What I’m calling for specifically, is to re-evaluate the implicit or explicit “foxes not welcome here” attitude that currently prevails in academia. Perhaps unsurprisingly, this attitude is a particular problem when studying the brain. While lots of people talk a good game about “interdisciplinary research”, few people are actually doing it and even less are doing it well. The reason this is a particular problem when studying the brain is that complex cognitive phenomena might cut across discipline boundaries, but in ways that were unknown when the map of the fields was drawn. To make an analogy: Say you want to know where exactly a river originates – where its headwaters or source are. To find that out, you have to go wherever the river leads you. That might be hard enough, just like when Theodore Roosevelt did this with the River of Doubt, arguably all phenomena in the brain are a “river of doubt” in their own right, with lots of waterfalls and rapids and other challenges to progress. We don’t need artificial discipline or field boundaries to hinder us even further. We have to be able to go wherever the river leads us, even if that is outside of our comfort zone or outside of artificial discipline boundaries. If you really want to know where the headwaters of a river are, you simply *have to* go where the river leads you. If that is your primary goal, all other considerations are secondary. If we consider the suffering imposed by an incomplete understanding of the brain, reaching the primary objective is arguably quite important.

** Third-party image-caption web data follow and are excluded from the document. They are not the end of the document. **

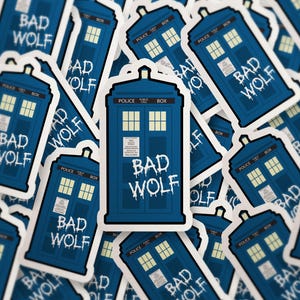 Bad Wolf TARDIS Sticker: Doctor Who Vinyl Decal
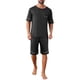 thumbnail image 4 of INSPIRE CHIC Conjunto de Pijama de Verano para Hombre con Mangas Cortas, Cuello Redondo y Bolsillos 2XL Negro, 4 of 5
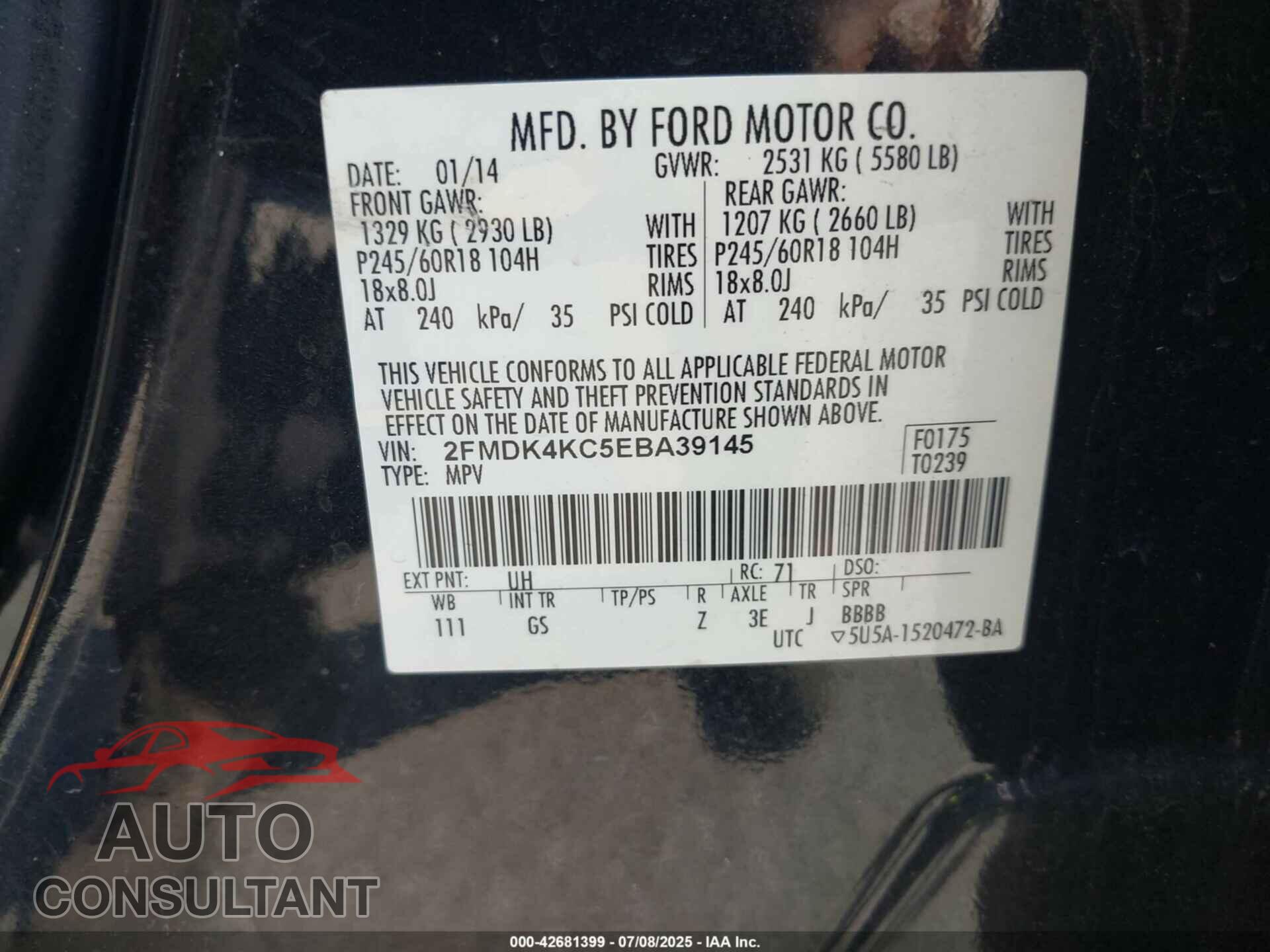 FORD EDGE 2014 - 2FMDK4KC5EBA39145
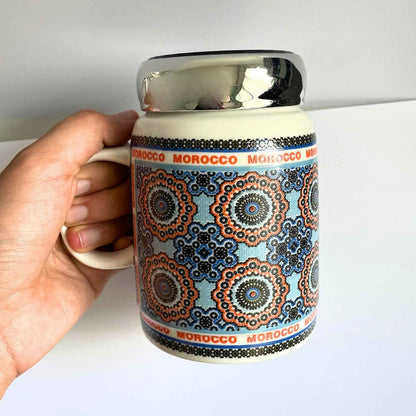 Mug Marocain avec Couvercle Inox – Motif Zellij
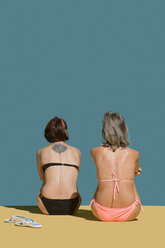 Frauen in Bikinis beim Sonnenbaden auf grünem Hintergrund - FSIF03540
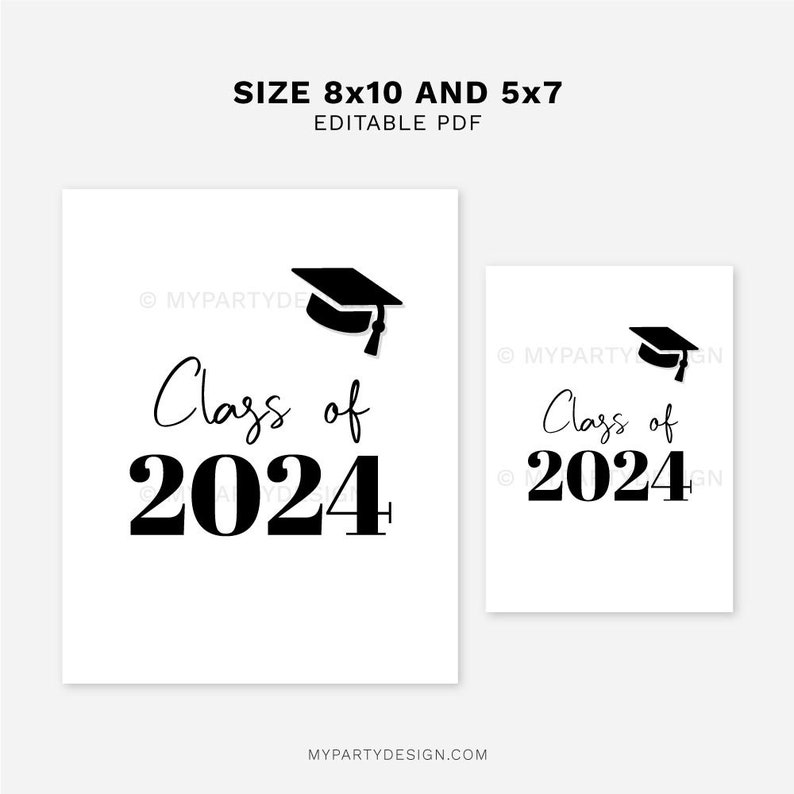 Grads Imagepdf Class of 2025 Graduation Sign, Black White Print for High School or ...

To mix metaphors just a bit (the point is worth making), we know from history that artificially imposed borders (without regard for the underlying terrain or culture) can cause serious problems long term problems, notably in Africa and the Middle East.

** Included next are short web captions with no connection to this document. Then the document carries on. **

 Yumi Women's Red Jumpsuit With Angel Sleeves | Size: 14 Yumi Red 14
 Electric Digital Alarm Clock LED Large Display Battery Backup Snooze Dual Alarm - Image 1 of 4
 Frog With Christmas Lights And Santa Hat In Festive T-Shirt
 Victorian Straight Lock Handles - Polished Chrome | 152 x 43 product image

All of this boils down to an issue of premature tessellation:

The tessellation problem. Blue: Field boundaries as they should be, to fully understand the phenomena in question. Red: Field boundaries, as they might be, given that they were drawn before understanding the phenomena. This is a catch 22. Note that this is a simplified 2D solution. Real phenomena are probably multidimensional and might even be changing. In addition, they are probably jagged and there are more of them. This is a stylized/simplified version. The point is that the lines have to be drawn beforehand. What are the chances that they will end up on the blue lines, randomly? Probably not high. That's why foxes are needed - because they transcend individual fields, which allows for a fuller understanding of these phenomena.

The tessellation problem. Blue: Field boundaries as they should be, to fully understand the phenomena in question. Red: Field boundaries, as they might be, given that they were drawn before understanding the phenomena. This is a catch 22. Note that this is a simplified 2D solution. Real phenomena are probably multidimensional and might even be changing. In addition, they are probably jagged and there are more of them. This is a stylized/simplified version. The point is that the lines have to be drawn beforehand. What are the chances that they will end up on the blue lines, randomly? Probably not high. That’s why foxes are needed – because they transcend individual fields, which allows for a fuller understanding of these phenomena.

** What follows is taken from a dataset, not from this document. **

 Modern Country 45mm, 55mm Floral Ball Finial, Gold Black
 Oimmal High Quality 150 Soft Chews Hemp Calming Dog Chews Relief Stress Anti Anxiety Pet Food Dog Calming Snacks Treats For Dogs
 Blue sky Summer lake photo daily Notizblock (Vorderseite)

What if the way you conceived of the problem or phenomenon is not the way in which the brain structures it, when doing computations to solve cognitive challenges? The chance of a proper a priori conceptualization is probably low, given how complicated the brain is. This has bothered me personally since 2001, and other people have noticed this as well.

This piece is getting way too long, so we will end these considerations here.

To summarize briefly, being a hedgehog is prized in academia. But is it wise?

Can we do better? What could we do to encourage foxes to thrive, too? Short of creating “fox grants” or “fox prizes” that explicitly recognize the foxy contributions that (only) foxes can make, I don’t know what can be done to make academia a more friendly habitat for the foxes among us. Should we have a fox appreciation day? If you can think of something, write it in the comments?


Action potential: Of course, I expect no applause for this piece from the many hedgehogs among us. But if this resonates with you and you strongly self-identify as a fox, you could consider joining us on FB.

Posted in In eigener Sache, Neuroscience, Pet peeve, Psychology, Science, Social commentary | 1 Comment

Social media and the challenge of managing disagreement positively

Technological change often entails social change. Historically, many of these changes were unintended and could not be foreseen at the time of making the technological advances. For instance, the printing press was invented by Johannes Gutenberg in the 1400s. One can make the argument that this advance led to the reformation within a little more than 50 years and the devastating 30-years war within another 100 years of that. Arguably, the 30-years war was an attempt at the violent resolution of fundamental disagreements – about how to interpret the word of god (the bible), which had suddenly become available for the masses to read. Of course the printing press was probably not sufficient to bring these developments about, but one can make a convincing argument that it was necessary. Millions of people died and the political landscape of central Europe was never quite the same.

Which brings us to social media. I think it is safe to say that most of us were surprised how fundamentally we disagree with each other as to how to interpret current events. Previously, the tacit assumption was that we all kind of agree about what is going on. This is obviously no longer possible and often quite awkward. Social media got started in earnest about 10 years ago, with the launch of Twitter and the Facebook News Feed. Since then, people have shared innumerable items on social media and from personal experience, one can be quite surprised how different other people interpret the very same event.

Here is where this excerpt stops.